Olga/Cia Ensaio Aberto. Luiz Fernando Lobo/Direção Concepcional. Setembro/2025. Thiago Gouvêa/Fotos.


Com uma temática no entorno de toda trajetória existencial e ideológica da judia alemã Olga Benário, desde sua inicialização entusiasta pelo ativismo comunista, da sua adolescência em Munique à sua cruel deportação grávida de sete meses, num covarde e repulsivo gesto de aproximação nazi-fascista de Getúlio Vargas junto a Gestapo.

A dramaturgia inspirada em sua completude num dimensionamento documentário, não se limitando ao relacionamento amoroso surgido nos contatos de dois revolucionários marxistas e militantes comunistas, Olga Benário e Luiz Carlos Prestes, ambos asilados em Moscou, antes da vinda para o Brasil, em 1934.

Esta, como uma agente dos serviços secretos soviéticos, em sua oficial missão de acompanhar os direcionamentos ideológicos e políticos de Luiz Carlos Prestes, na viagem de volta ao seu País natal, com a finalidade de promover uma intentona comunista no Brasil.

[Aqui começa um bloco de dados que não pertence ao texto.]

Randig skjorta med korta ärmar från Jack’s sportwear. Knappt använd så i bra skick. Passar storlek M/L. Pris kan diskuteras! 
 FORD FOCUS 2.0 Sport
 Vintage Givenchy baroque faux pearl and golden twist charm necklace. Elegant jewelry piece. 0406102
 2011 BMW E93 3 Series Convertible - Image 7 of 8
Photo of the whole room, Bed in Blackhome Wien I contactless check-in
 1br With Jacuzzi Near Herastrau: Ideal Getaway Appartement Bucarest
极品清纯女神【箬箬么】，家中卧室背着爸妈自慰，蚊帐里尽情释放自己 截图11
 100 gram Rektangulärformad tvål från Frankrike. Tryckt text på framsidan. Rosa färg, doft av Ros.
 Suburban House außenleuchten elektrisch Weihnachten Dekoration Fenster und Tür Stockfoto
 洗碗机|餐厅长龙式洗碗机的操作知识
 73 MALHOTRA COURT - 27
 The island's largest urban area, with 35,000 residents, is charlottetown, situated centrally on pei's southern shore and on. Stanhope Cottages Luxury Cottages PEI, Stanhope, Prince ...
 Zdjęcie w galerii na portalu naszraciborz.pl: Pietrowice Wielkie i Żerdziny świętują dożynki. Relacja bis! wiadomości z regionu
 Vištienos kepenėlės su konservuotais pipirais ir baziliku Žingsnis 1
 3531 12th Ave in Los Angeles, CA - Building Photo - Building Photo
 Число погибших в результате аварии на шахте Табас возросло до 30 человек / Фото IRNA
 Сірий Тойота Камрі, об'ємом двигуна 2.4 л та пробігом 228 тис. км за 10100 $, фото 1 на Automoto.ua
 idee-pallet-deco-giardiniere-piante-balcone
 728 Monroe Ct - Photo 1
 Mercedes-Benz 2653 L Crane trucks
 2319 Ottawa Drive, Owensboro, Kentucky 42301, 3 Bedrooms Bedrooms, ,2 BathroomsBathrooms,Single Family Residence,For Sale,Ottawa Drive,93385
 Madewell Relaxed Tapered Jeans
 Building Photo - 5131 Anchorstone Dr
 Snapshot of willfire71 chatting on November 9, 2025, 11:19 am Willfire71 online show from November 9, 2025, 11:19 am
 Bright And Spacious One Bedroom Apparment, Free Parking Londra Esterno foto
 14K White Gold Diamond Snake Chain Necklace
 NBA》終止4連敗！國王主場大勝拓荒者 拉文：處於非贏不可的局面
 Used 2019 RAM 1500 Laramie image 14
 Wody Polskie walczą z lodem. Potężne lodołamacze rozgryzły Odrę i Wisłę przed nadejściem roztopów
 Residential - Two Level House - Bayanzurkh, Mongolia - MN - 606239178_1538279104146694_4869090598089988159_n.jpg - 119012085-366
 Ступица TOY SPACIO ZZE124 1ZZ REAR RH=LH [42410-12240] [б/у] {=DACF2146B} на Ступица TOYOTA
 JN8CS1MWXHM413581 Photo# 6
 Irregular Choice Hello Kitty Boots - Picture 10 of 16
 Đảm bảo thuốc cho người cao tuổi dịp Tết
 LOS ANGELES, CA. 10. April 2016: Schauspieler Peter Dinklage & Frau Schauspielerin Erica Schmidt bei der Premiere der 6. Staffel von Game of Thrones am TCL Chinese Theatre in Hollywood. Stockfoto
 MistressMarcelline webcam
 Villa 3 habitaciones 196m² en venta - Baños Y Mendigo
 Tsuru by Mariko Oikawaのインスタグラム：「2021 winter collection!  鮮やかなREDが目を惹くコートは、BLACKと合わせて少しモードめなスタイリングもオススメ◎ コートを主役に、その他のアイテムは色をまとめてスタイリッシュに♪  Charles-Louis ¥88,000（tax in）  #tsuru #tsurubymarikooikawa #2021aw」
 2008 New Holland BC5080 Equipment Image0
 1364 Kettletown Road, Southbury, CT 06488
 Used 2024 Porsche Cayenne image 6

E que acaba fracassando, em 1935, sendo ambos detidos em território brasileiro.

A ocupação da caixa cênica (J. C.Serroni) dividida  por um telão transparente estabelece uma envolvente conexão palco-plateia em dois planos, com os atores ora sendo vistos por trás  das projeções, em grande dimensão, de farto material documentário à base de cenas fílmicas, reproduções jornalísticas de fotos e textos, além de esclarecedores depoimentos de personalidades brasileiras de ontem de hoje. Tudo se completando pelo sugestionamento presencial dos espectadores, como testemunhas de um julgamento, para uma espécie de reavaliação do legado existencial/político de Olga Benário.  

A trilha musical (Felipe Radicetti) propiciando um clima extasiante nas projeções em preto e branco, provocando ecos sensoriais capazes de lembrar, subliminarmente, os filmes épicos soviéticos, especialmente de Eisenstein. Os figurinos (Beth Filipecki/R. Machado) com um sotaque atemporal sob prevalência de tons ocres, menos acentuado na indumentária de Olga, criando uma uniformidade plástica sob expansivos efeitos luminares (Cesar de Ramires).

Tuca Moraes desde o prólogo, em imersiva identificação física no papel  protagonista, com irradiante convicção, transmuta  os contornos dramáticos e o desalento de seu personagem, culminando  na  vocalização de uma inédita e emotiva carta de despedida.

Ainda que, em sua quase integralidade, a narrativa dramatúrgica apresente uma conexão maior com um roteiro fílmico-documental, Olga nunca deixa de ser, pelo cruzamento de duas linguagens artísticas um espetáculo revelador, capaz de atrair a cumplicidade reflexiva da plateia.

Não só como um investimento estético-ideológico ao trazer novas perspectivas em sua transposição direcional (Luiz Fernando Lobo), mas ao transcender seu contraponto crítico para tempos políticos tão controversos, num oportuno e questionador recado para a contemporaneidade...

 

                                           Wagner Corrêa de Araújo

 

Olga/Cia Ensaio Aberto está em cartaz no Teatro Vianinha/Armazém da Utopia, de sexta a segunda, às 20h; até o dia 06/outubro.